What international law is, on the other hand, is using legal tools—often created by the United States along with our closest allies—to effectuate U.S. foreign policy goals. It is using law to create fora in which states can meet to resolve their disputes. It is partaking in a common set of rules and language based in actual state practice—including our own—and actual belief that this practice stems from legal obligation. It is negotiating and signing onto cooperative agreements with other nations when we deem it is in the U.S. interest to do so, standing by those commitments while we agree to be bound, and if we want to depart, doing so in accordance with the terms of our obligations.

At the heart of Koh’s book is a concern with an ever-aggrandizing president. This should be a concern that Congress and the courts share, and one that those not so blinded by partisan politics might also want to correct. Yet these branches’ dismissal of international law only cedes further turf to the president.
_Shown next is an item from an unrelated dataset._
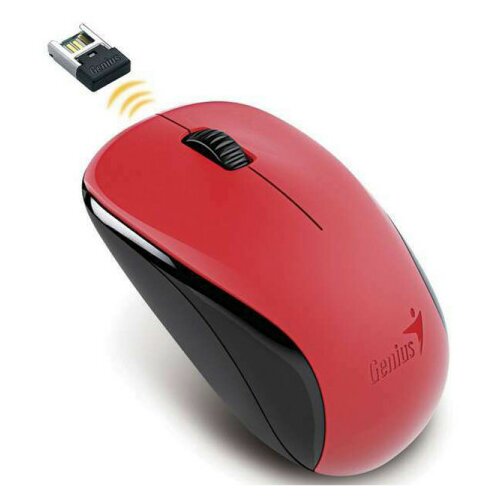 Genius NX-7000 Wireless Optical USB crveni miš Cene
I’ve written elsewhere about the ways that the siloing of international law work in the executive branch gives presidents the ability to exploit international law to increase their own power vis-à-vis the other branches. There are obvious examples of this, such as when presidents turn to creative uses of executive agreements out of a belief that there is no hope for engaging the Senate in advice and consent to ratification of a treaty.

Then there are less obvious examples, such as when executive branch lawyers successfully argue that international law should trump statutory or constitutional restrictions on targeted killing, and that the executive alone should define those legal parameters, apply them to facts, and judge the outcome.

Widespread ignorance and even fear of international law only cede the territory to those willing to wield it. Congress, the courts, and the president could all do better at engaging with international law and institutions. For the interests of the United States, it is essential that they do so.

Author’s note: This essay draws on research that is part of a forthcoming project of the author’s on The War on International Law.